In QGIS, filters normally ignore No Data cells automatically. However, this is not always easy, especially if a filter examines neighboring cells and these contain No Data. What happens depends on the implementation, but is problematic in both cases.
In raster layers, “No Data” is coded with a specific number, e.g. -9999. If, for example, the mean value within a 3✕3 neighborhood is calculated, the result in the vicinity of each No Data cell is of course nonsense. If you replace the -9999 (in Numpy) with NaN (which is only possible with float), the respective cell will become No Data as well, because a calculation is not possible. The No Data cells infect their neighbors, so to speak.

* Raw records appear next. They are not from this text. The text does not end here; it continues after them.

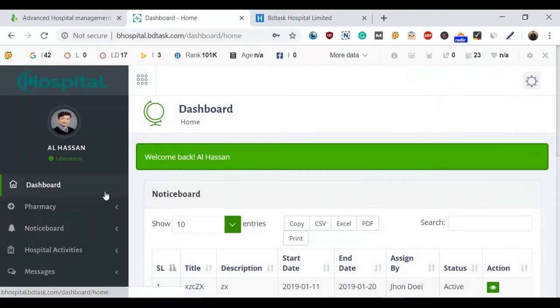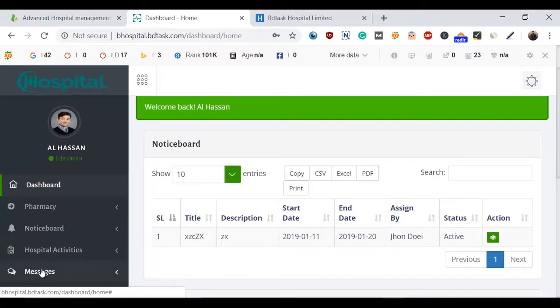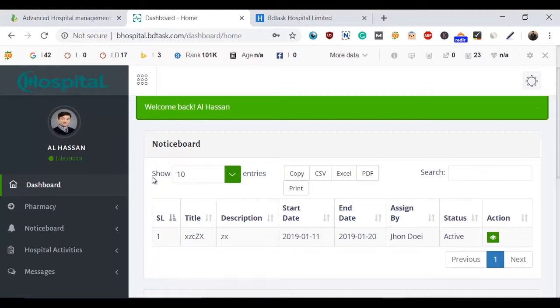Basically, laboratorists are assigned by the admin and hospital admin. The head of the administration will assign the work for the laboratorists. Mainly, laboratorists handle the departments of tests like X-ray department, pathology department, and blood bank. They will manage all those departments assigned by the admin.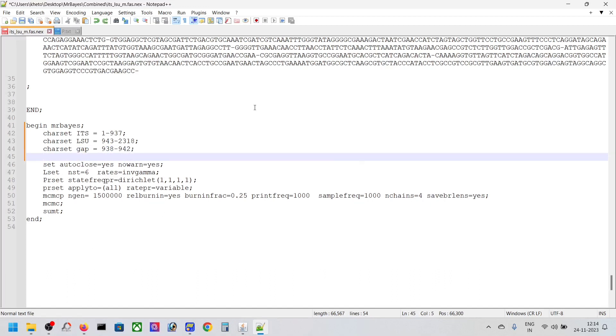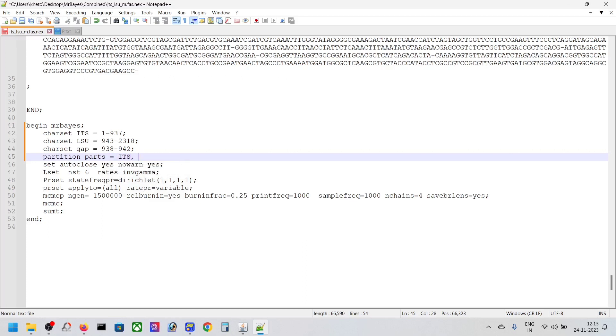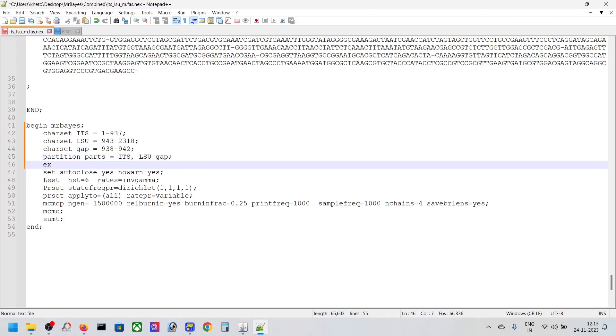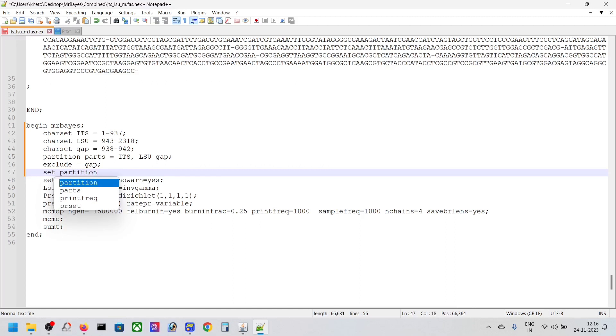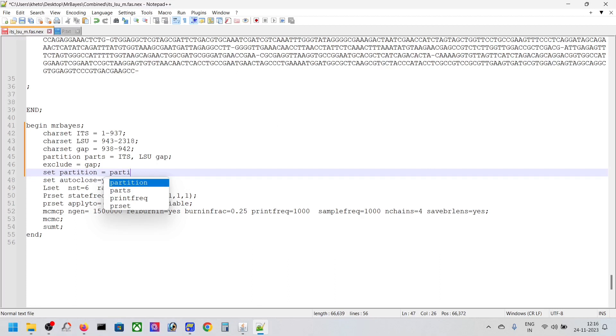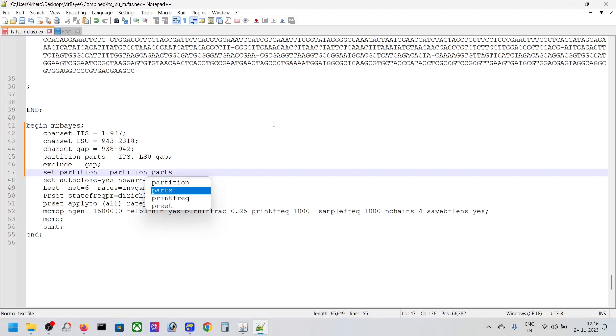Now we're going to make the partitions. It's P-A-R-T, partition equals ITS, LSU, and GAP. Just do this because we are not going to include the gap, that's why. Then set partition equals parts.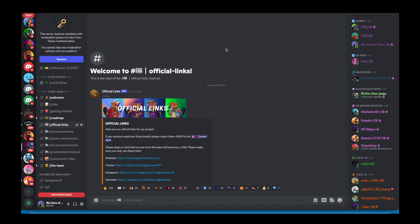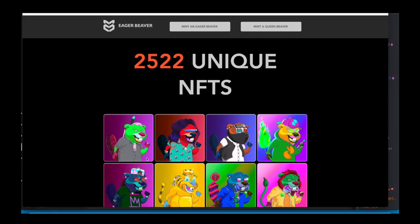The first thing you're going to do is come into the Eager Beaver Discord and head over to the official links tab. Once you've opened official links, click on our official website. Just a note fam, please don't try to mint from any other websites or follow any websites sent to you in DMs. Come through the official links.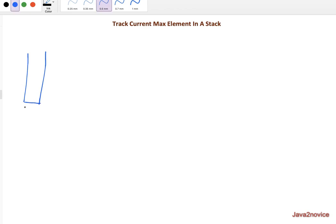Let's take a stack. Initially I push 10 — at this point 10 is the max element. Then I push 12, so 12 is the max element. Then I push 2; 12 is still the max element. Then I add 20, so 20 is the max element. Now when I perform a pop, I remove 20, and at this point 12 is the max element — I should be able to return 12.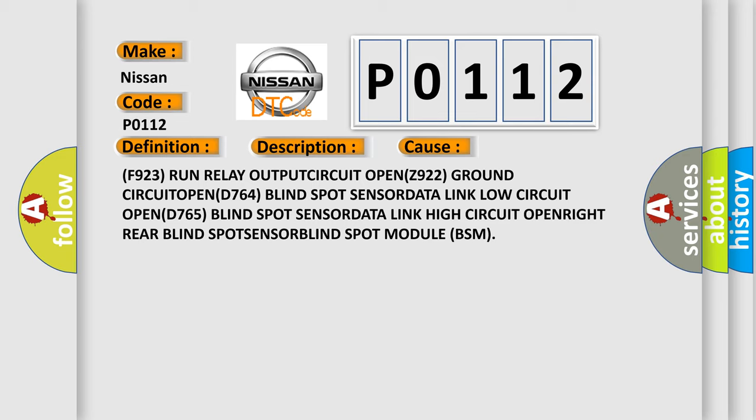F923 run relay output circuit open, Z922 ground circuit open, D764 blind spot sensor data link low circuit open, D765 blind spot sensor data link high circuit open, right rear blind spot sensor data link high circuit open, right rear blind spot sensor B.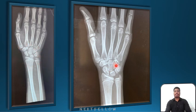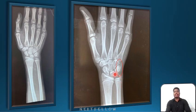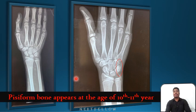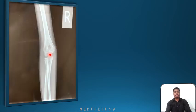Now see these two x-rays — both are x-rays of the wrist joint. Do you see any difference in the carpal bones? The oval I made — you can see a small bone behind the triquetrum, that is the pisiform bone. Pisiform appears at the age of 10 to 11 years. So this x-ray is of less than 10 years, and this x-ray is of 10 to 11 years or more.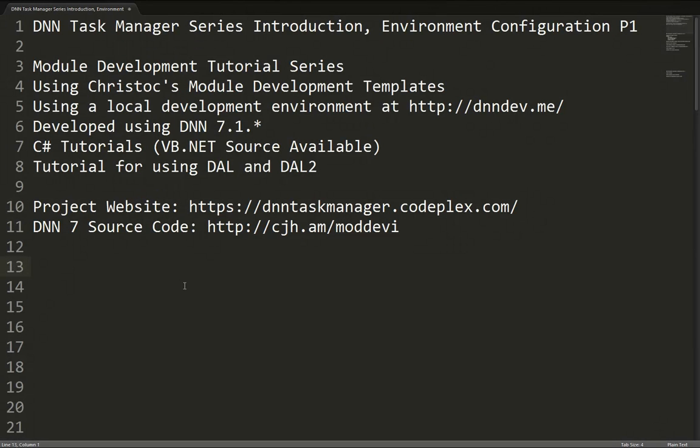Hello, this is Chris Hammond. I'm here to talk to you about the DNN Task Manager module development series that we're going to be doing here on ChrisDoc.com.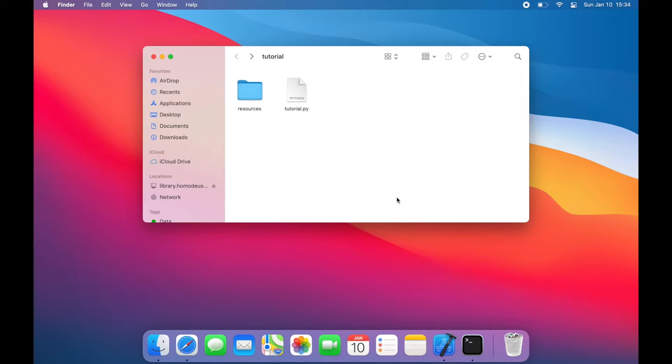That way I can import them and all of the things within them with simpler commands. So in this resources folder, I have two objects that I've created.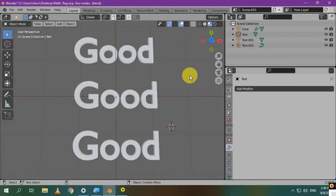Hello and welcome to this new tutorial. Today, I'm going to tell you how to prepare your text to have good topology.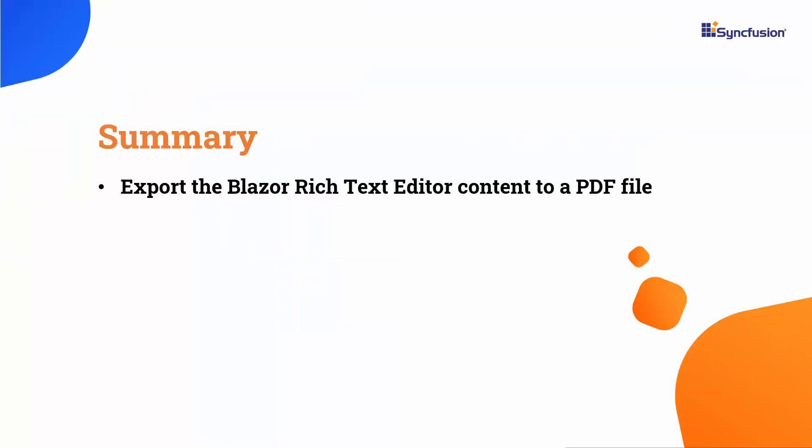Now let me summarize the key takeaways from this video. I covered how to export rich text editor content to PDF file. For more information on the RTE's features, check out the documentation link provided in this video's description. If you would like to see the working code of this example, you can download it from the GitHub link in the description below.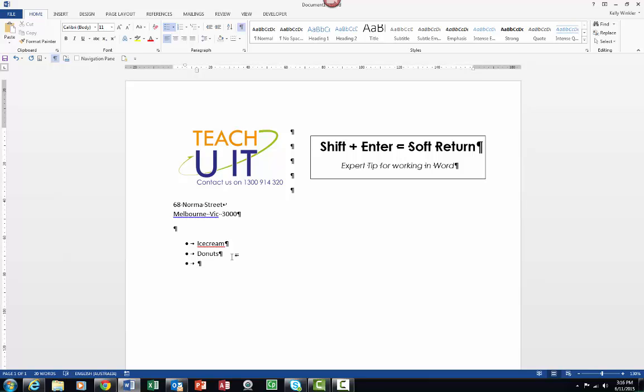Now what people do is they hit Enter, they either backspace to turn off the bullets, or they go and turn the bullets off manually, all sorts of different techniques. So what I'm going to do is I'm going to come back—sorry, I accidentally deleted that—come back to my doughnuts.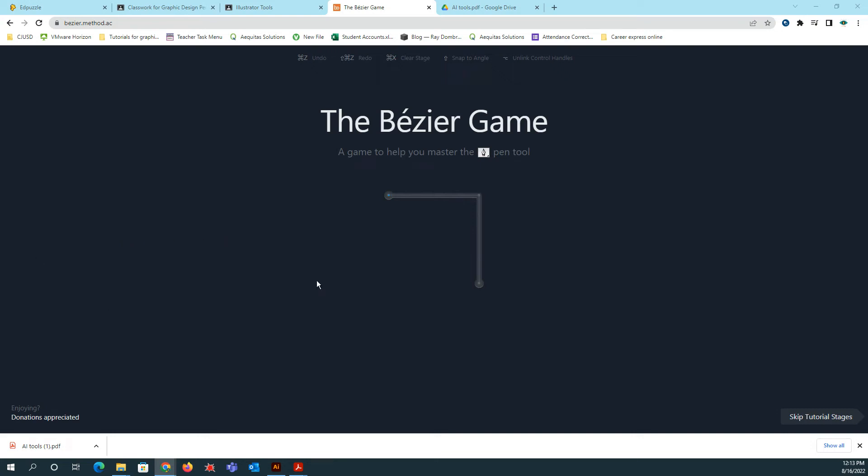All right, so in this video, I'm going to show you how to play the Bezier game. So the Bezier is created when we use the pen tool in Adobe Illustrator.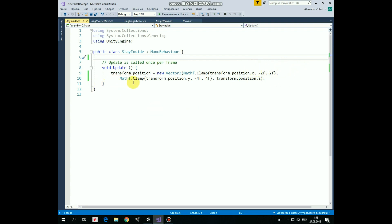So x-coordinate is clamped between negative 2 and positive 2. y-coordinate is clamped between negative 4 and positive 4. Z-coordinate stays the same. That's the script.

One possibility is to fill the no-data cells with any reasonably meaningful value. QGIS itself and GDAL offer various ways of doing this, but these have the disadvantage that only one single band is processed at a time. You would therefore have to process each band individually and then merge the results back into one layer.
My new QGIS plugin Scipy Filters (I blogged about it here) allows you to fill no-data cells in all bands, with:
- Null
- A user-defined constant
- The mean value of the band (estimated by GDAL or calculated exactly)
- The minimum value of the data type
- The maximum value of the data type
- The central value of the data type
Later, you will probably want to know which cells were originally “No Data”. The plugin can also create a No Data mask (binary raster with 0 and 1) and apply this mask to a raster layer, i.e. set the corresponding cells back to No Data.